Его ждали в Париже приглашения: побывать на обратном пути в Россию у английского короля и у германского императора. Эти приглашения он принял бы охотно: был настоящим убежденным монархистом и ко всем монархам чувствовал природное расположение, хотя и думал, что ни один из них ничего в политике не понимает. Ответил, что должен запросить разрешения царя. Знал, что во всяком случае царь, очень в ту пору раздраженный против Англии, не разрешит ему повидать Эдуарда VII. «А жаль. Удалось бы повлиять на англичан. Может быть, в Лондоне удалось бы повидать новое, новых людей. Верно, тоже незначительных. Повидать Вильгельма, впрочем, разрешат».
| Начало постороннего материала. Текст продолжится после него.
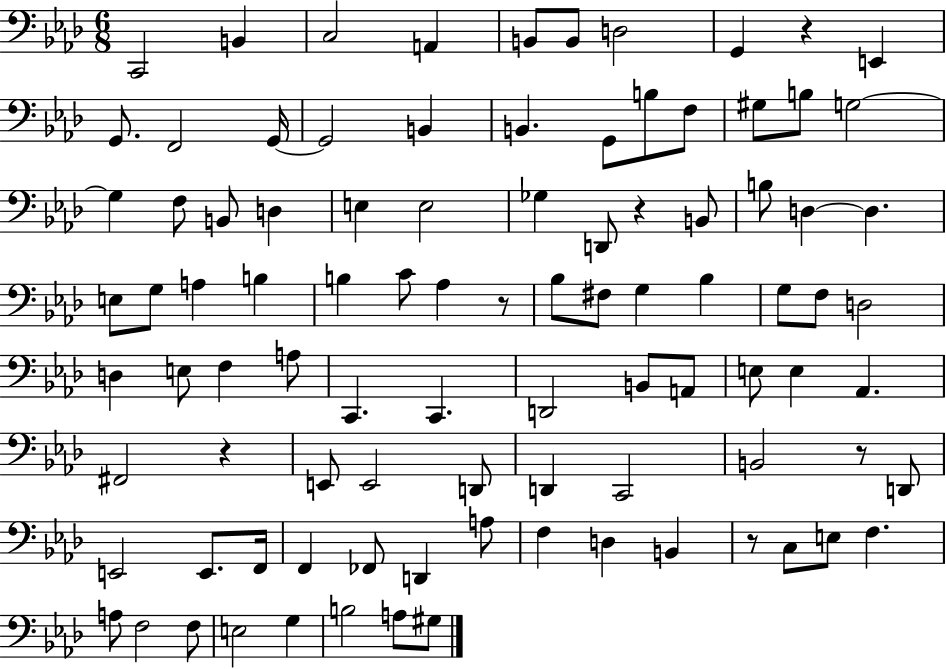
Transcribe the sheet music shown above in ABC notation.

X:1
T:Untitled
M:6/8
L:1/4
K:Ab
C,,2 B,, C,2 A,, B,,/2 B,,/2 D,2 G,, z E,, G,,/2 F,,2 G,,/4 G,,2 B,, B,, G,,/2 B,/2 F,/2 ^G,/2 B,/2 G,2 G, F,/2 B,,/2 D, E, E,2 _G, D,,/2 z B,,/2 B,/2 D, D, E,/2 G,/2 A, B, B, C/2 _A, z/2 _B,/2 ^F,/2 G, _B, G,/2 F,/2 D,2 D, E,/2 F, A,/2 C,, C,, D,,2 B,,/2 A,,/2 E,/2 E, _A,, ^F,,2 z E,,/2 E,,2 D,,/2 D,, C,,2 B,,2 z/2 D,,/2 E,,2 E,,/2 F,,/4 F,, _F,,/2 D,, A,/2 F, D, B,, z/2 C,/2 E,/2 F, A,/2 F,2 F,/2 E,2 G, B,2 A,/2 ^G,/2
Он читал в Париже русские газеты, которых давно не видел. Почти все писали о нем так лестно, как никогда не писали прежде. Пробегал все, что относилось к внутреннему положению России. Оно было очень тревожно. Значительная часть сановников стояла за решительную суровую борьбу с начавшимся революционным движением. Намечалась отправка в места, где происходили беспорядки, особо уполномоченных генералов, известных твердым характером. «Как бы ни были сильны эксцессы, – читал он в либеральном издании, – мы никак не думаем, что целесообразна борьба с ними всеми средствами, per fas et nefas[40]. К тому же надо твердо помнить, что эксцессы происходят с обеих сторон. Устроители «патриотических» расправ, однако, взысканиям не подвергаются. Благосклонно кое-кем приветствуются и бессмысленные сказки о японских миллионах, которыми якобы подкуплены либералы. Можно ли, после небывалого в нашей истории военного поражения, серьезно думать, что нужна революционная или иноземная пропаганда для возбуждения общего недовольства страны! В Цусимском бою четыре могучих броненосца, «Император Николай», «Орел», «Адмирал Сенявин», «Генерал-адмирал Апраксин», сданы неприятелю. Официально сообщается, что контр-адмирал Небогатов и командиры этих судов, по возвращении из плена, будут преданы суду по 279-й статье военно-морского устава о наказаниях, карающей людей, не исполнивших своих обязанностей по долгу присяги и согласно требованиям воинской чести. Но кто же назначил на важнейшие должности людей, очевидно, не обладающих элементарными военными и человеческими качествами? Кто отправил на гибель всю эскадру Рожественского? Теперь сама газета «Чего изволите», так настойчиво требовавшая отправления балтийской эскадры на Дальний Восток и так долго выражавшая полную уверенность в ее победе, с неслыханным цинизмом сообщает, что ей было хорошо известно, что эта эскадра победить не может. Оказывается, доблестно погибший в Цусимском сражении командир броненосца «Александр III» Бухвостов откровенно и определенно говорил редактору этой почтенной газеты, что эскадра обречена на гибель и что ни малейших шансов на победу у нее нет! Столь же продумана и новая затея правительства. Нет, не очень помогут в борьбе с охватившим всю страну волнением missi dominici[41] с карательными отрядами».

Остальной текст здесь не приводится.